Five European CSIRTs, five different beats
The landing page surfaces five European national Computer Security Incident Response Teams — INCIBE, CERT-PL, BSI, NCSC-NL, CIRCL — as advisory references against ~1,500 CVEs. We expected them to be duplicating NVD content in the local language; the data says no. Each one specialises on a distinct slice of the vulnerability surface that the global catalogues under-cover.

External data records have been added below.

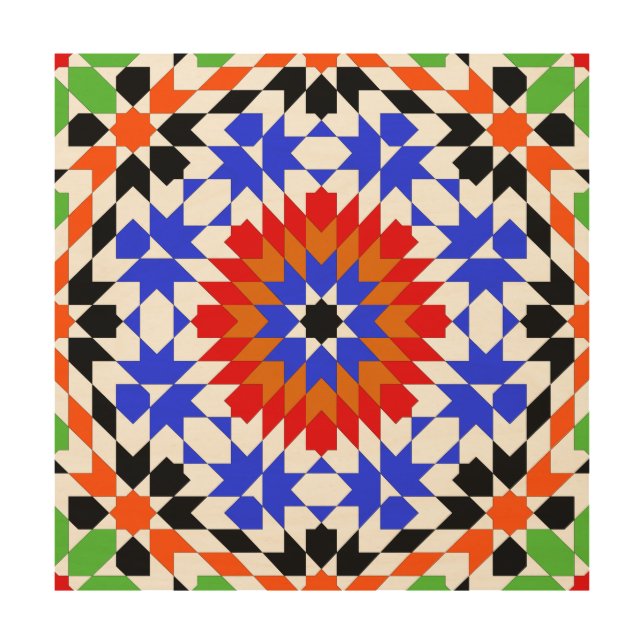 Islamic geometric pattern wood wall decor (Front)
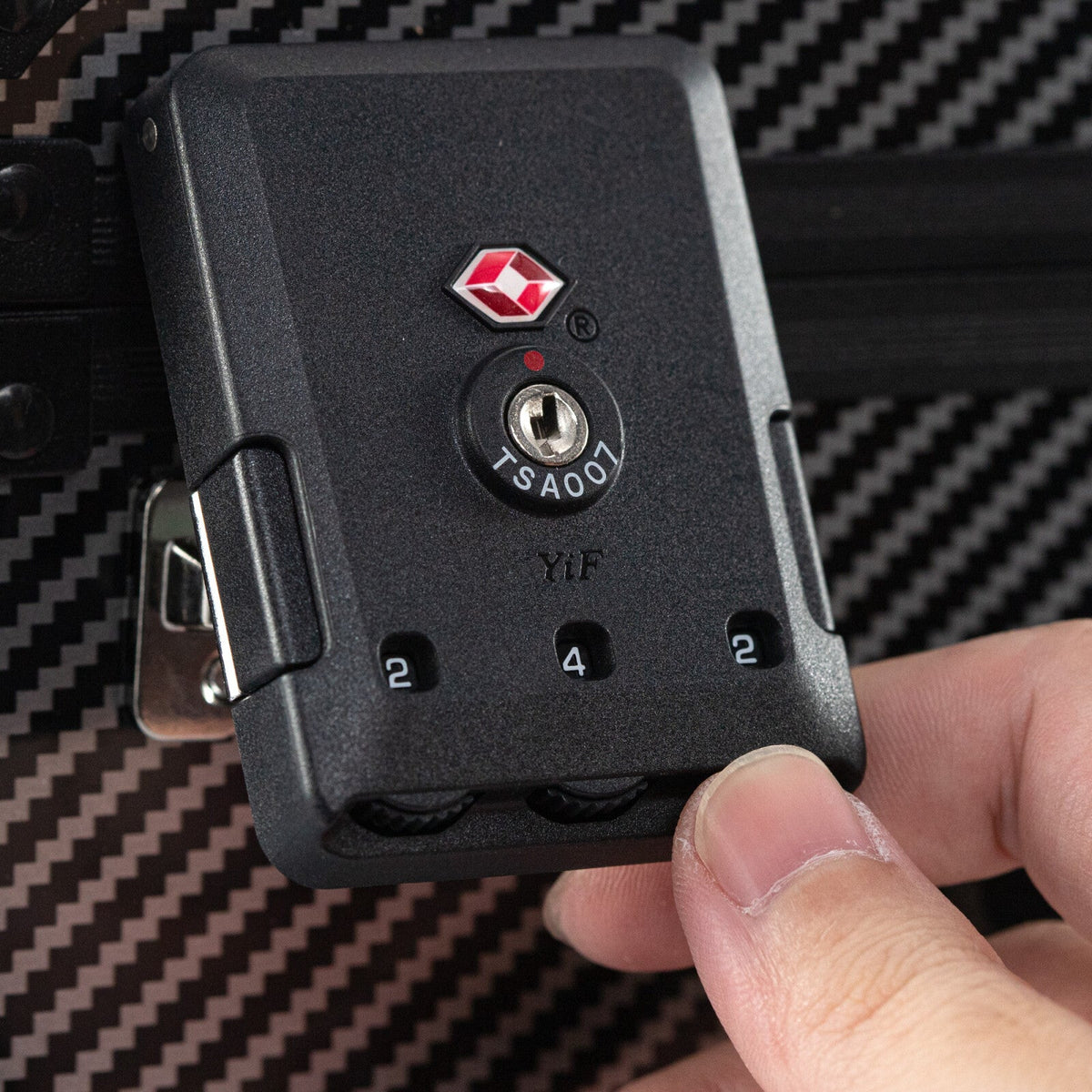 [Free Shipping] Carbon Fiber Graded Card Storage Box (3 Compartment)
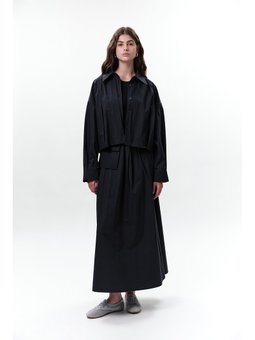 Pile Detaylı Kısa Lacivert Ceket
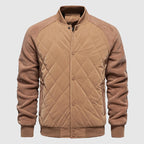 Charlie | Men’s Classic Long Sleeve Quilted Bomber Jacket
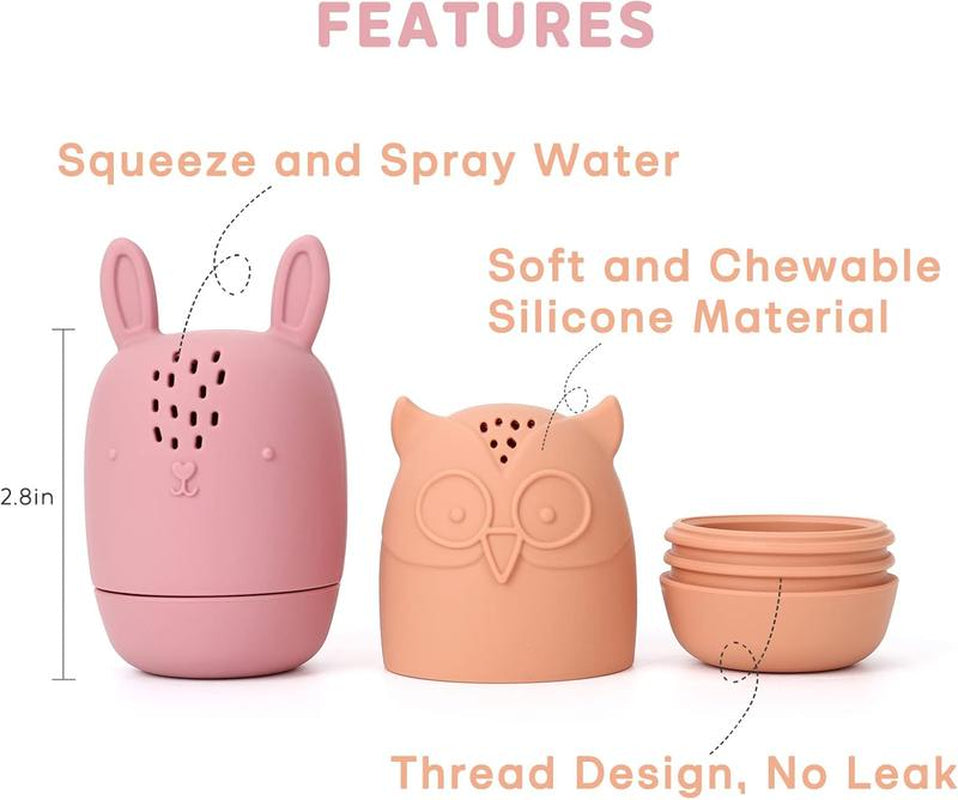 Silicone Bath Toys, Squeezable Bathtub Toys for Toddle 6-12-18 Months+, Kids-Friendly Bath Toys, Baby Shower Toys for Kids 1-3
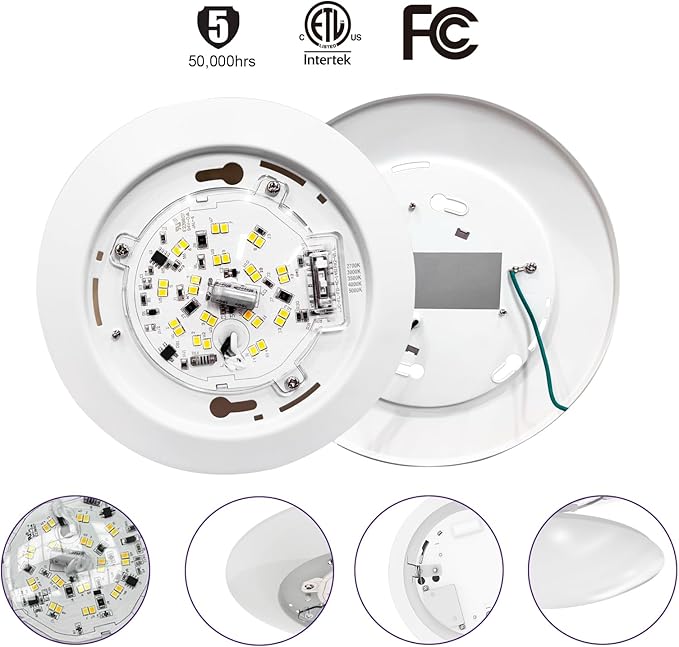 18-Pack 6 Inch Disk Lights, 2700K-5000K Adjustable, CRI 90+, Dimmable 10%-100% - Image 6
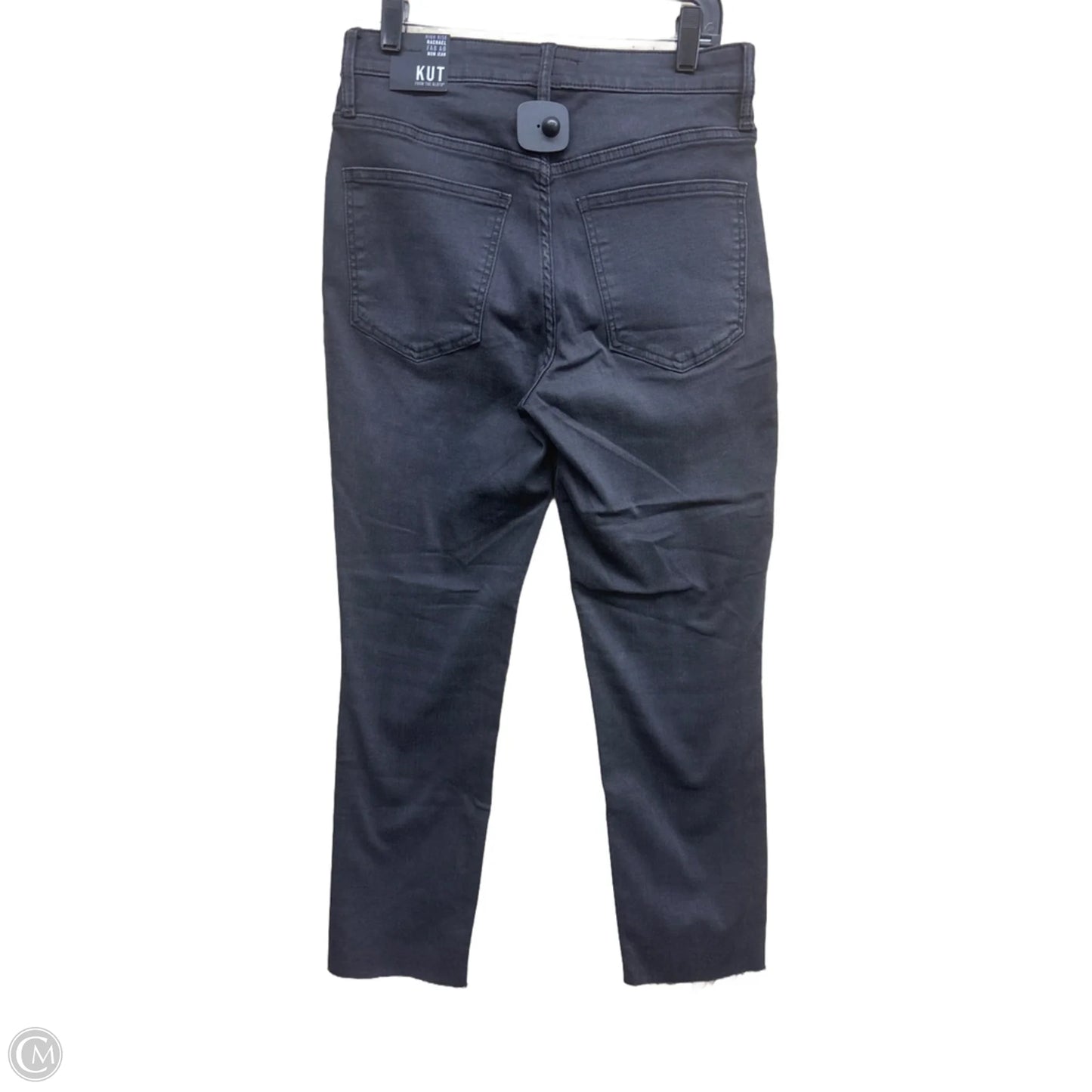 Jeans Straight By Kut In Black Denim, Size: 4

What we ingest from each CSIRT
The references come from the ENISA Vulnerability Database (EUVD). For each CVE, EUVD lists which national CSIRTs published an advisory pointing to it. We store the link, the host, and the country code on the CVE record. The advisory content lives at the CSIRT URL — we don’t scrape or mirror it.
Live counts as of today:
| CSIRT | Country | CVEs referenced | Host |
|---|---|---|---|
| INCIBE | 🇪🇸 Spain | 1,024 | incibe.es |
| CERT-PL | 🇵🇱 Poland | 388 | cert.pl |
| BSI | 🇩🇪 Germany | 11 | bsi.bund.de |
| NCSC-NL | 🇳🇱 Netherlands | 14 | advisories.ncsc.nl |
| CIRCL | 🇱🇺 Luxembourg | 13 | vulnerability.circl.lu |
The volume spread is the first surprise. INCIBE alone is ~7× CERT-PL and ~70× the three smaller CSIRTs combined. That doesn’t reflect Spanish industry being more vulnerable; it reflects INCIBE’s policy of issuing a public CERT advisory for every cataloged vendor request. CERT-PL operates similarly. BSI, NCSC-NL, and CIRCL publish more selectively.
What this article is not
We hoped to publish a publication-speed comparison — which CSIRT consistently advises first on a fresh CVE? The data doesn’t support it. The EUVD record stores the aggregation date, not each individual CSIRT’s advisory date, and the aggregation lag against NVD publish is effectively zero (EUVD pulls in references the same day NVD publishes the CVE, on average). To rank speed we’d need to scrape each CSIRT’s advisory page for its own publication timestamp — a project for a future iteration.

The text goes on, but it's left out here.